▶ _Material provided_:
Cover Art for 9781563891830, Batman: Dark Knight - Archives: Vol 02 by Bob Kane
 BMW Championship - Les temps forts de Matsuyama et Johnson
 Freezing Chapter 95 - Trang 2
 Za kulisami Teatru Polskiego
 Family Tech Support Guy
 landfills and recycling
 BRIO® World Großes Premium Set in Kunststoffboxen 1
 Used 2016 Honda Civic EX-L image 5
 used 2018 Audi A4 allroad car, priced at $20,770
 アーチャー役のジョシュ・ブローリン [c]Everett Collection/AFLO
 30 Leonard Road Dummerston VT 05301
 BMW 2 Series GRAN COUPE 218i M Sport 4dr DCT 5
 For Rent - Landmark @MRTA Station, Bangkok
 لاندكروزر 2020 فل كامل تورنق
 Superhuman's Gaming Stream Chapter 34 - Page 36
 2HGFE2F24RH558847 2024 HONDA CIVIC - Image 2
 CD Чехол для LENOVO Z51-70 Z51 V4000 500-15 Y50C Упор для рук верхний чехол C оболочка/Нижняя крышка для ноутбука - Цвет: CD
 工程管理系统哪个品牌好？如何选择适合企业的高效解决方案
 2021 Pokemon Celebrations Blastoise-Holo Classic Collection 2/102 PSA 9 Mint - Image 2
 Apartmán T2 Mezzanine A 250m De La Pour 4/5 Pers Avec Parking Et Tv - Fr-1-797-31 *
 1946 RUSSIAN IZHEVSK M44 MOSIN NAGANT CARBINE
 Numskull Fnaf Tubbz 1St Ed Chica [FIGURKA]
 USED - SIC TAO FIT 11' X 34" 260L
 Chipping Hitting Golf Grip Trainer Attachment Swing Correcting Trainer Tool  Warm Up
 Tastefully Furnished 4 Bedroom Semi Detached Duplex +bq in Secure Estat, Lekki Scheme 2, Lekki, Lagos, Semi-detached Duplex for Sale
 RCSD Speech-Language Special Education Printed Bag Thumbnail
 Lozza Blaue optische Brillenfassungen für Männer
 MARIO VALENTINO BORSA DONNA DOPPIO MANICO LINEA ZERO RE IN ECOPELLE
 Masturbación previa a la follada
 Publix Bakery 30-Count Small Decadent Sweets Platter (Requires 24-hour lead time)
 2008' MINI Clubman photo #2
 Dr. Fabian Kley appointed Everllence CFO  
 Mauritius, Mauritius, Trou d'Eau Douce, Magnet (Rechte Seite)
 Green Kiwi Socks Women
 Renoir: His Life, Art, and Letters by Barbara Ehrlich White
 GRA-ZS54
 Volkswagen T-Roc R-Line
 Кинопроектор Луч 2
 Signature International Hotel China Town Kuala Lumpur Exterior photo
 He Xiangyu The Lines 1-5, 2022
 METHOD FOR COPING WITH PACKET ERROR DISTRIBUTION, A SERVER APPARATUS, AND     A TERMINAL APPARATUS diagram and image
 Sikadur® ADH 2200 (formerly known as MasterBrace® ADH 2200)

▶ _Problem details_: Only the lines above from the line containing "Lozza Blaue optische" through the line containing "2008' MINI Clubman photo #2" should be retyped, exactly and with both ends included.

▶ _Exercise solution_:
 Lozza Blaue optische Brillenfassungen für Männer
 MARIO VALENTINO BORSA DONNA DOPPIO MANICO LINEA ZERO RE IN ECOPELLE
 Masturbación previa a la follada
 Publix Bakery 30-Count Small Decadent Sweets Platter (Requires 24-hour lead time)
 2008' MINI Clubman photo #2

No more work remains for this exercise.